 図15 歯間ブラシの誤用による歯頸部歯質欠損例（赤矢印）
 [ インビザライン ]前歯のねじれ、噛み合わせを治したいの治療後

--

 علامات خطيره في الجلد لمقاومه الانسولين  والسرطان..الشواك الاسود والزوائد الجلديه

*What the task requires*:
In the material above, locate the line containing "図15 歯間ブラシの誤用による歯頸部歯質欠損例（赤矢印）" and the line containing "[ インビザライン ]前歯のねじれ、噛み合わせを治したいの治療後". Transcribe exactly those two lines and every line between them, and nothing more.

*Output below*:
 図15 歯間ブラシの誤用による歯頸部歯質欠損例（赤矢印）
 [ インビザライン ]前歯のねじれ、噛み合わせを治したいの治療後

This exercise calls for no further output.